The lawsuit, originally filed in June in U.S. District court in San Francisco, argues that a $206 billion deal between cigarette makers and 46 states ignored the rights and interests of America's first inhabitants.
Both sides appeared in court on Monday to argue a motion to dismiss the case filed by lawyers representing the tobacco companies.
A federal judge is expected to rule shortly on the motion.
``The intention is to make sure that the tribes get a proportionate share of the funds and to redress the sovereignty provision interference that the master settlement agreement has on tribal property,'' said William Audet, a lawyer representing the tribes.
Lawyers for the tobacco companies said they could not comment on the case.
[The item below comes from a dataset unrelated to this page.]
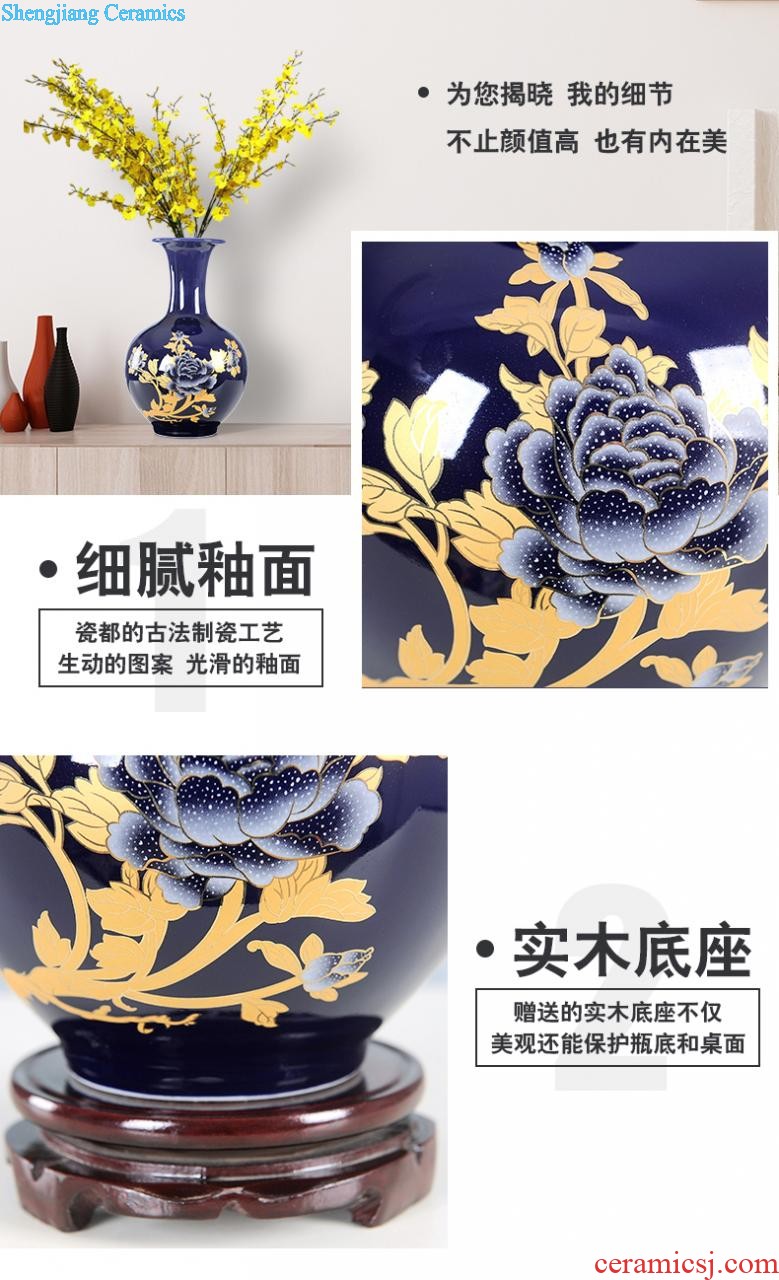 Caddy large seal pot of tea cake tea to wake jingdezhen ceramic tea set storage store receives tea urn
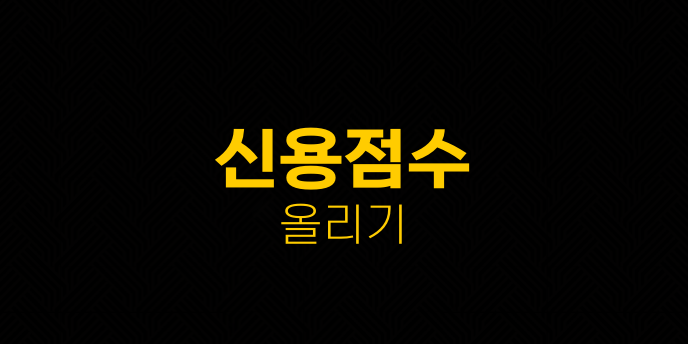 신용점수 올리기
The suit's basic charge is that the tobacco settlement reached last November took into account the cost of smoking on Native Americans, but allotted no compensation to any tribal governments -- violating the due process and civil rights of the tribes in 46 states.
The suit also alleged that the settlement constituted a direct assault on the tribes' right of self-determination and governance.
It added that no money had been paid to Native Americans, although Native American youths, as well as adults and women of reproductive age, had the highest rates of smoking.
``The case is still going forward until the court says otherwise,'' Audet said in a telephone interview.